Protection of civilians in Information Warfare/Operation – DEWG 5/2/2022 Hawaii #2

by | Aug 12, 2022 | Free Speech, Open Blog | 0 comments

Is there good disinformation?  Maybe, Ukrainian “ghost of Kiev.” Apparently, according to Twitter, Ukranians are doing very well already in that regard. All states engage in IW/IO. It has been confirmed that Russia clearly engaged in IW/IO around the U.S. elections.

I usually speak in the spaces where the fundamental question is how to or how not to respond to disinformation as a bad social phenomenon but I noticed that the question here is a little different:  how to engage in IW/IO without hurting civilians or human security.  Hence the title of our session: Legal Challenges of Protecting Civilians in IW/IO. Note that it is NOT challenges “in” protecting civilians but it is challenges “of” protecting civilians. Protection of civilians is the challenge.

In other events, A lot of what I said about disinformation were to point out how the suppressive approaches such as criminalization, intermediary liability, and algorithmic transparency have misfired and that freedom of speech, enhanced freedom of speech should be protected.

Fortunately, these things will help the military because this justifies IW/IO: the unwritten ethical rule is that if people are afforded free speech, an arm of government can of course engage in it also. The freedom of speech provides a minimum platform on which the military can build on. Yes, there are actions that state should not engage in that individuals cannot: there is a requirement of neutrality.  However, once in the military (therefore adversarial) objectives are involved, they trump that requirement of neutrality.

Having said that, I think that one of the most important IW/IO is to inform civilian colleagues of the pitfalls of the suppressive approaches or otherwise strengthen freedom of speech enjoyed by the people by providing more information as needed.

All in all, being aware of international human rights norms will strengthen not only civilian resilience on one hand to reduce collateral damages and on the other hand protect the space of legitimacy within which to engage in IW/IO.

In long-term, we need to go beyond that if you want to meet the challenges of protecting the civilians properly. States need rules of engagement. International Humanitarian law covers physical warfare. But there is no parallel for information warfare.  IHL has elements responding to information needs. One way to respond to disinformation is the ability to engage in Counter-warfare by the government. Also, shall we limit the state’s ability for cyberwarfare? How about Ukraine? For example, if Russia Today and Sputnik are blocked, it can be IO.

One participant said that it is only proportionality between deception operation vs information operation. Another participant said that there is distinction between legitimate information operation and illegitimate information operation, for instance, the rule of no attack on journalists. Raising that voluntary rule to a global norm will be a great project.

One way to respond to disinformation is domestic regulation on false information but legal hurdles are huge because of free expression doctrines on “false news” crimes, intermediary liability safe harbor, finally state immunity doctrine if we want to apply that against foreign government’s information warfare.

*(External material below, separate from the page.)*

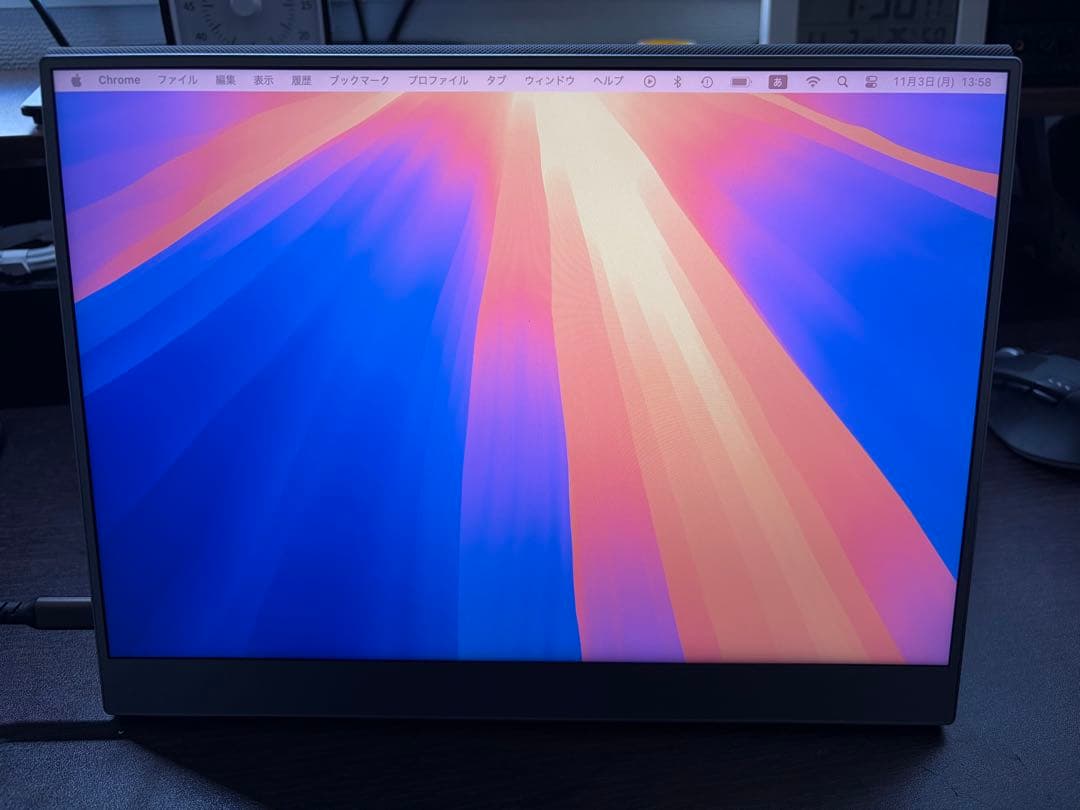 kksmart モバイルモニター 13.5インチ (2、3回使用)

In building IHL for cyber warfare, we should rise above the limitation of armed conflicts because often cyber warfare happens completely outside substantive armed conflicts. Another way of saying it is that cyberoperation is also armed conflict if it causes harms.

Having said that, we can think of a few rules such as:

“Cannot use disinformation to encourage violence”;

“Cannot encourage violation of human rights”;

“Cannot use disinformation to benefit from surrender”;

“Cannot render essential facilities useless by disinformation”.